Why do I always find an excuse to not do the one thing I feel I’m meant to do?
It can be exhausting, engaging in the mental dance of doubt and desire, of discipline and disintegration. Bursts of productivity followed by craving peace and stillness. The urge to speak paired with the allure of silence.
Maybe it’s more of an ebb and flow. An acceptance that the motivation to be better often comes with an acknowledgement of what we lack. There must be an awareness of the dark if we are to see the light.
The culprits…
I know where this line of questioning comes from. It is caused by self-doubt, a longing to feel complete, and a vigilant critic that likes to call into question my qualifications at every turn. These are aspects of myself that I need to accept just like my good qualities, because they do contribute to the greater purpose of helping me grow and thrive.
For instance, I can try to ignore the self-doubt that likes to accompany any sense of progress I experience, or I can turn to it, acknowledge it, and say: “Hello, old friend. Since you insist on sticking around, you might as well sit in the back seat along with the other stragglers I have yet to fully evict from my life.

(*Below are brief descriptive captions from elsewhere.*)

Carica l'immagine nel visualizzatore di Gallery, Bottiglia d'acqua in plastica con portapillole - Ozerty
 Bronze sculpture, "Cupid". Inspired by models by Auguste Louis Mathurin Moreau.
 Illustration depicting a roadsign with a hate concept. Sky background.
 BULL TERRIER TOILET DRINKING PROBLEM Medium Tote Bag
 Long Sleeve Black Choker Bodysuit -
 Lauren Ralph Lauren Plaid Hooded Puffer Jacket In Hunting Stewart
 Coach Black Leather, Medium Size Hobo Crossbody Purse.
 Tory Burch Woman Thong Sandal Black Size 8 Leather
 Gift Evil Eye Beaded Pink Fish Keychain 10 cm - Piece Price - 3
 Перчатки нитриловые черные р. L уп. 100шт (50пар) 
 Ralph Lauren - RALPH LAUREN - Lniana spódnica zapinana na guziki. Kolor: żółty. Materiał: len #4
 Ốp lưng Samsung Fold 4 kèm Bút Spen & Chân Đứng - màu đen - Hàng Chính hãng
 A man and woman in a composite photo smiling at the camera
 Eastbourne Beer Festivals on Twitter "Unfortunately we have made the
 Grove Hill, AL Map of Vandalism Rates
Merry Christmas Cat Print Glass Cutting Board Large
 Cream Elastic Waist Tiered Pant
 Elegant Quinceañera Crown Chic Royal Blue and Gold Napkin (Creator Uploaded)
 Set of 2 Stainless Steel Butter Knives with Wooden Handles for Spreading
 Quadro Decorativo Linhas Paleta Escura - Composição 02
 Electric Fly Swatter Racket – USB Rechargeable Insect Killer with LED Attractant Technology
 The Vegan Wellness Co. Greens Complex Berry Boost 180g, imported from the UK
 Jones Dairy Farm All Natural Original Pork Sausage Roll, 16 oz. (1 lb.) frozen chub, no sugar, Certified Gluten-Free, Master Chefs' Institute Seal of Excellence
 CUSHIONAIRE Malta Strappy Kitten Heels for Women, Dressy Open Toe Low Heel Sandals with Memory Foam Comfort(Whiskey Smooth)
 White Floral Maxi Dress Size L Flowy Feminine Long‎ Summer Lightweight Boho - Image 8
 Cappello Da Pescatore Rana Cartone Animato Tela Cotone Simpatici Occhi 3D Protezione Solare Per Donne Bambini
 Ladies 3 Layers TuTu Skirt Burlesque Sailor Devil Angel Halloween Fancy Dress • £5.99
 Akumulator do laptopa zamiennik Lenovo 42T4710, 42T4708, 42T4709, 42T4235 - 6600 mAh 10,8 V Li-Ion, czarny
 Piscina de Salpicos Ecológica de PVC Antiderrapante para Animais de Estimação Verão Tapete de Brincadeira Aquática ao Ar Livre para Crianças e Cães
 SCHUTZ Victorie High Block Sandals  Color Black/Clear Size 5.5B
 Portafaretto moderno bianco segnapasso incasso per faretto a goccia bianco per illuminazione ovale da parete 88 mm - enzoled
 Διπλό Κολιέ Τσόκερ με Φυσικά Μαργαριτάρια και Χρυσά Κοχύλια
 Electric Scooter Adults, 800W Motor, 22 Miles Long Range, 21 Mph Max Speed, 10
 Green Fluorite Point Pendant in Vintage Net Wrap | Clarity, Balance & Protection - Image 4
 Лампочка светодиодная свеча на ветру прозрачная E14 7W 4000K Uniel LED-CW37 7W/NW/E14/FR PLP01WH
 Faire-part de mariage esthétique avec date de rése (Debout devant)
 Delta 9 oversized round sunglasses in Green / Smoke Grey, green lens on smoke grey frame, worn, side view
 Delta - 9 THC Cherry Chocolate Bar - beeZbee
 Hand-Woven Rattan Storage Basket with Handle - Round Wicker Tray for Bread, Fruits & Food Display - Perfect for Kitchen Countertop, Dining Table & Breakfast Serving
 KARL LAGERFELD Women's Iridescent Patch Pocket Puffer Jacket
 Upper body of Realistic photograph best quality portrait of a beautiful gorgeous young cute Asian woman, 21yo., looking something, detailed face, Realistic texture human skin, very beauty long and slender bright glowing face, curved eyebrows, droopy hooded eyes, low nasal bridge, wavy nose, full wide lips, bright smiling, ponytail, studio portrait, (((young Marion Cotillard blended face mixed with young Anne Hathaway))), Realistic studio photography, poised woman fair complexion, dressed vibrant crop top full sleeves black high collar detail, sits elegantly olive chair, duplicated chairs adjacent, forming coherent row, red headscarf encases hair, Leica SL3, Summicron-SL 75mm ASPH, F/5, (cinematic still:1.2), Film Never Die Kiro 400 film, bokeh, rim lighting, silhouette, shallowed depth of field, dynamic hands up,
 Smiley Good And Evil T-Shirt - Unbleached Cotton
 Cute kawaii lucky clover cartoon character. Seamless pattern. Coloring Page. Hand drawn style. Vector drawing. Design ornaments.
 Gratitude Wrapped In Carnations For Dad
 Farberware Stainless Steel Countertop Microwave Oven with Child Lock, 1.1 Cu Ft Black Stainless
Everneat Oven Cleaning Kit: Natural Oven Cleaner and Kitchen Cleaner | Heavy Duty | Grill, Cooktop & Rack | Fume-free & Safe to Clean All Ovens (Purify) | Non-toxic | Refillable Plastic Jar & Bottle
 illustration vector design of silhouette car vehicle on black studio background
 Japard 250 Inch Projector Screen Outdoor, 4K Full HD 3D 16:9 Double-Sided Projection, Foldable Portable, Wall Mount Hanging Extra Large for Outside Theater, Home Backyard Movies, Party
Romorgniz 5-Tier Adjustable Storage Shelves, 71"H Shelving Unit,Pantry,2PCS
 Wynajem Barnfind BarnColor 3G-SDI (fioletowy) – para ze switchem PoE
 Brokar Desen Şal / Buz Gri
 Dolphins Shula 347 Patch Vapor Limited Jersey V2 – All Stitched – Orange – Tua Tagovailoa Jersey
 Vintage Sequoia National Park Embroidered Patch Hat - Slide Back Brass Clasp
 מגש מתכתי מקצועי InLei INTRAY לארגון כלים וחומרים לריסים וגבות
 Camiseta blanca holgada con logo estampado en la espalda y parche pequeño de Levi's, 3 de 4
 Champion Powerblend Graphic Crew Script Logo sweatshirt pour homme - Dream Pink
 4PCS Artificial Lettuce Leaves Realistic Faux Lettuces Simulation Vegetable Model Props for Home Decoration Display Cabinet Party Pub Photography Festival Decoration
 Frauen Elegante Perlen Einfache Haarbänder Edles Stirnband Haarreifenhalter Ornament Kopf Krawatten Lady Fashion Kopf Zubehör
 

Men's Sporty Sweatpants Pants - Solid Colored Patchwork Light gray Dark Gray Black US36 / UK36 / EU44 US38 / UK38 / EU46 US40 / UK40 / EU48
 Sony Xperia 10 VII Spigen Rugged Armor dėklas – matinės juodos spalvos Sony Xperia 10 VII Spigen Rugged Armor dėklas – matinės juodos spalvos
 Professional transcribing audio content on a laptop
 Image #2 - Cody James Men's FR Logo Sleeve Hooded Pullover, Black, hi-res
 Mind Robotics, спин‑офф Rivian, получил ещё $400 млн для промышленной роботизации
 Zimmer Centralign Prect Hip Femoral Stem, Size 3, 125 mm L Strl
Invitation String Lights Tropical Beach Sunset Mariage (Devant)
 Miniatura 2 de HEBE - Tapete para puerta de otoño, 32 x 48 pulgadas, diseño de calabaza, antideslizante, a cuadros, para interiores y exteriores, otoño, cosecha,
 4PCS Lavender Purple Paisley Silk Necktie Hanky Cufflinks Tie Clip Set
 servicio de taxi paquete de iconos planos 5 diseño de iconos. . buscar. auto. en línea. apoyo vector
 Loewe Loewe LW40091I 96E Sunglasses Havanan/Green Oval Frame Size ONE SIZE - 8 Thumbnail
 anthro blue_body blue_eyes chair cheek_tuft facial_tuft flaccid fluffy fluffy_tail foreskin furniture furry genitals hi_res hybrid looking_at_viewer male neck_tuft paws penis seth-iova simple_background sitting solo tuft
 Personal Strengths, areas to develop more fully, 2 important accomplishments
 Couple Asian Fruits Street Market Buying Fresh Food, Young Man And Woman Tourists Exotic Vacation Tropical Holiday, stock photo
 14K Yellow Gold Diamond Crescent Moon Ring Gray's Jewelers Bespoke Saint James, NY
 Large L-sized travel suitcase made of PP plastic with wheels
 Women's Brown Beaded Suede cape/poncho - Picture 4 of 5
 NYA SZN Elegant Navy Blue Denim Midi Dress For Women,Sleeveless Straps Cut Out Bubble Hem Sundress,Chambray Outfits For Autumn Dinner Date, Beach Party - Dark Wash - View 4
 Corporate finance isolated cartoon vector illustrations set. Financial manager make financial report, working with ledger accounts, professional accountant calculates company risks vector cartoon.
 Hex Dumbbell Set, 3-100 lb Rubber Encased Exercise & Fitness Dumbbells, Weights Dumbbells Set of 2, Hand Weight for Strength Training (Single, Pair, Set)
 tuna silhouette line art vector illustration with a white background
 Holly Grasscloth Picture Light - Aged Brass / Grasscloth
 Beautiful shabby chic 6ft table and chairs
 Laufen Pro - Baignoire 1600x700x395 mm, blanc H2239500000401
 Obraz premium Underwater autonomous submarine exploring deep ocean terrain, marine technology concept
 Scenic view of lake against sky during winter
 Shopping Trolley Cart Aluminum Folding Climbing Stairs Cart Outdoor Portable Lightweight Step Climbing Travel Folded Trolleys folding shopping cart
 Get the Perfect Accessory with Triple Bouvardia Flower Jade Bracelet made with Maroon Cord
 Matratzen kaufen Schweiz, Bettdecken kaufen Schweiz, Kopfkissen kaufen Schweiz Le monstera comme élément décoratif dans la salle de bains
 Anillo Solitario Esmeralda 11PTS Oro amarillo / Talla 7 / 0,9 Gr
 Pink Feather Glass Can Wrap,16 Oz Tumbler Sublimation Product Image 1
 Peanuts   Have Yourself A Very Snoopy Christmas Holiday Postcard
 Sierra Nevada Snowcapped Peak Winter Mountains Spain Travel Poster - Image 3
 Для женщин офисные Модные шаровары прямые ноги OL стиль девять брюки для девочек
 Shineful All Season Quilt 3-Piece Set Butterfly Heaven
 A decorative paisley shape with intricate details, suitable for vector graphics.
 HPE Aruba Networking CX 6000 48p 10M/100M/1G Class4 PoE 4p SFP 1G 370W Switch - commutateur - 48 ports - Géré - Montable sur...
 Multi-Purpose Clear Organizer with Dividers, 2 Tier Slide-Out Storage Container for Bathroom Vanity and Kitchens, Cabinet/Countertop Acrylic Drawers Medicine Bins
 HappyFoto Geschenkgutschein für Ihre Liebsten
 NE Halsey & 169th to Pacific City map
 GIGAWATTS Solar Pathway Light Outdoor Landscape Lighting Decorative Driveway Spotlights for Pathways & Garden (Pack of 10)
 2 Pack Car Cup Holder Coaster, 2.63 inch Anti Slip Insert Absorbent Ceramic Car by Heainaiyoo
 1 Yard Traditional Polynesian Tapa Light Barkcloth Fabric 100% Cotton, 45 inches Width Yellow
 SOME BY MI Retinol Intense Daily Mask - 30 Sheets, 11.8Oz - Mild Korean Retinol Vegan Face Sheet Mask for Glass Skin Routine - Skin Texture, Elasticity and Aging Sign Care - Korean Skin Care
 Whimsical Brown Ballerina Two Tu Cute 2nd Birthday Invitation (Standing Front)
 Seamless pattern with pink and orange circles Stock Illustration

For now, it can ride in the back, while I’m still figuring things out. It’s a process, this wellness journey. Alcohol is gone…I gathered the strength to kick it out of my life awhile ago. But I always keep a watchful eye in case it tries to sneak in the back door and party with the rest.
Hunger, or the desire to feel full, is another unwelcome presence. It visits me when I’m bored, when I want a reward, or when I’m searching for fulfillment. The pleasure of a piece of chocolate melting in my mouth lasts for approximately 15 seconds… so why do I constantly fall into temptation? Hunger that is not physical, but emotional, also needs to take a back seat.
And then there’s the critic, perhaps my oldest acquaintance. Formed from words of judgment or jealousy, carelessness or cattiness. At some point these voices turned into my own and took up space in my head. I gained a major victory over this inner-critic when I put down the wine and picked up my pen. But it is still with me, huddled in the back, and likes to throw out jabs about my appearance or my latest writing project. The inner-critic and self-doubt are best friends.
The solution…
But perhaps they are necessary if I am to truly grow, and truly live. What is validation without self-doubt? What is fulfillment without hunger? And what is success without the drive to do and be better?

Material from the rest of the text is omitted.